WHAT TO PRODUCE
In the material below, find the line with "Boîte aux lettres Perel - Nice - Noir" and the line with "キタコKITACO エキゾーストマフラーガスケットXK-05 バリオス/エリミネーター250V等", then output those two lines and every line between them, exactly.

[SOURCE INFORMATION Boundary: Start]

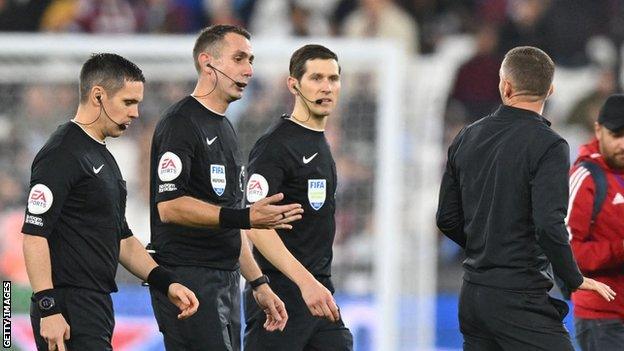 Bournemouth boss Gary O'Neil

[SOURCE INFORMATION Boundary: End]
[SOURCE INFORMATION Boundary: Start]

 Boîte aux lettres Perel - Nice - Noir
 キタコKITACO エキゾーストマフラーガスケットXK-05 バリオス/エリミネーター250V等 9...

[SOURCE INFORMATION Boundary: End]

REPLY TO THE EXERCISE
 Boîte aux lettres Perel - Nice - Noir
 キタコKITACO エキゾーストマフラーガスケットXK-05 バリオス/エリミネーター250V等 9...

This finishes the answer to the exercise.